Well, that is the nature of the beast. Turn over the nearest rock, and there it is, racism, rearing away like an angry viper. But it didn’t take long before his comrades were pointing out to Mboweni that the name Azania had nothing to do with slavery, but was the name given to various parts of east Africa – from Somalia to supposedly Tanzania – by the ancient Greeks and Romans.

In that sense, I suppose, the former Azaso member was perhaps justified in being less than enamoured with Azania as a new name for the country. It’s a bit like France saying it now wants to be called Turkey.

More recently, Azania was the name of the fictional African island nation in Evelyn Waugh’s 1932 satirical novel, Black Mischief

It’s an intriguing tale. The country is governed by Emperor Seth, an Oxford-educated idealist who embarks on a modernisation drive, which all goes hopelessly wrong, thanks to a French-supported coup d’état. Seth is assassinated and Azania becomes a League of Nations mandate, and there is some unsavoury evidence of cannibalism.

Waugh was of course a terrible reactionary. His, you could well argue, was certainly an ugly head that reared. But he was strangely and amusingly prophetic. Here, for example, is an African diplomat from his 1938 novel Scoop, sounding off rather much like your average ANC parliamentarian:

“The patriotic cause in Ishmaelia is the cause of the coloured man and of the proletariat throughout the world. The Ishmaelite worker is threatened by a corrupt and foreign coalition of capitalistic exploiters, priests and imperialists. As that great Negro Karl Marx has so nobly written . . . Who built the Pyramids? Who invented the circulation of the blood? . . . Africa for the African worker; Europe for the African worker; Asia, Oceania, America, Arctic and Antarctic for the African worker.”

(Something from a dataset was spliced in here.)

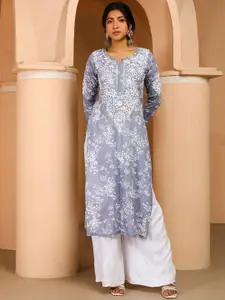 GoSriKi Women Floral Embroidered Chikankari Kurta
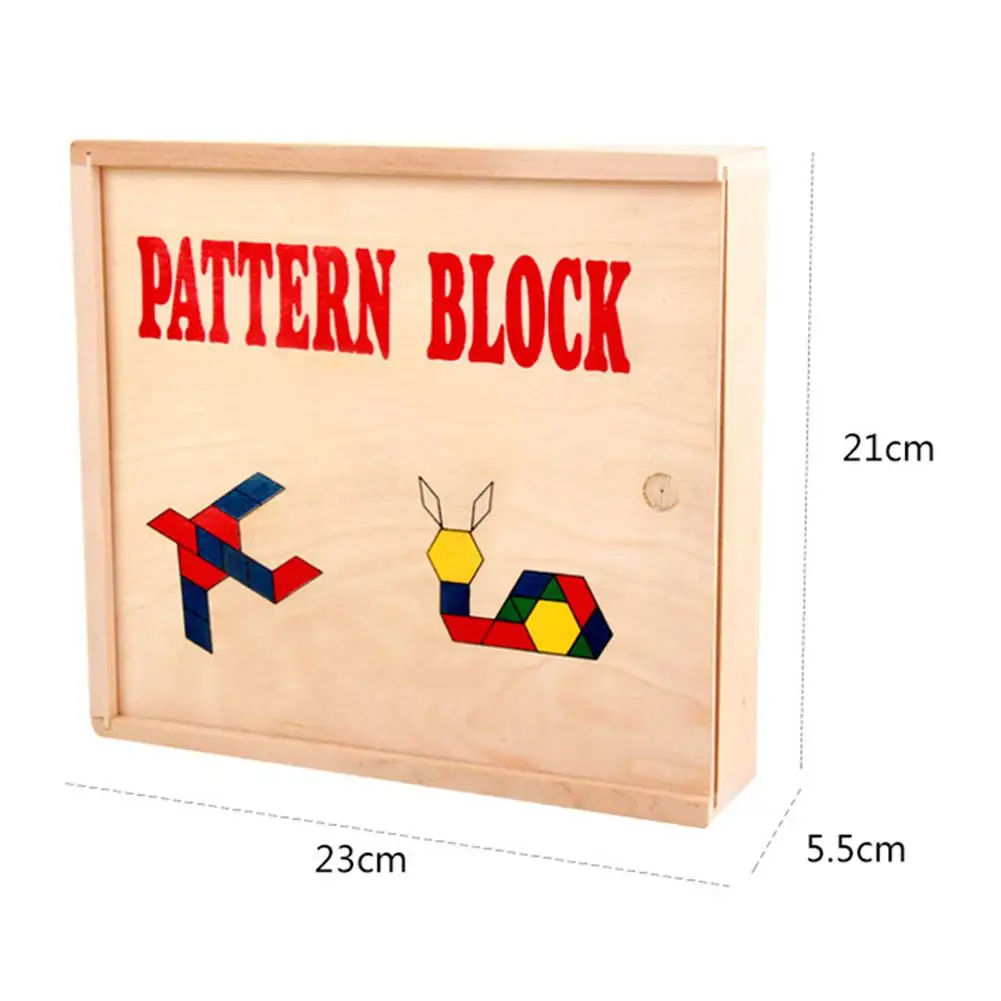 

1 Set Kids Pattern Blocks Variety Building Blocks Geometric Puzzle Early Educational Montessori Tangram Toys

But back to the name change and Azania. According to the critic and journalist Christopher Hitchens, in the early 1960s, the exiled leadership of the then-recently formed Pan-Africanist Congress wrote to Waugh at his Somerset home, “asking if they could annex the name ‘Azania’, from his novel Black Mischief, for the future liberated South Africa! (The title ‘Azania’ survives now in lapidary form on the gravestone of Steve Biko.)”

This, I may add, is from Hitchens’ introduction to Scoop, one of the more accurate novels about journalism. Hitchens, incidentally, also deals with the term “mahogany ridge” in this essay, and those who’ve plagued me with inquiries as to where it is exactly that I take my drink should be directed to these pages.

Mboweni, meanwhile, claims he has grown “very warm” to a suggestion that South Africa be renamed Limpopo – because we live south of the river. It would help, of course, if residents of that province wouldn’t pronounce it, as they do, “Limpompo”. But that’s a small quibble.

This article first appeared in the Weekend Argus.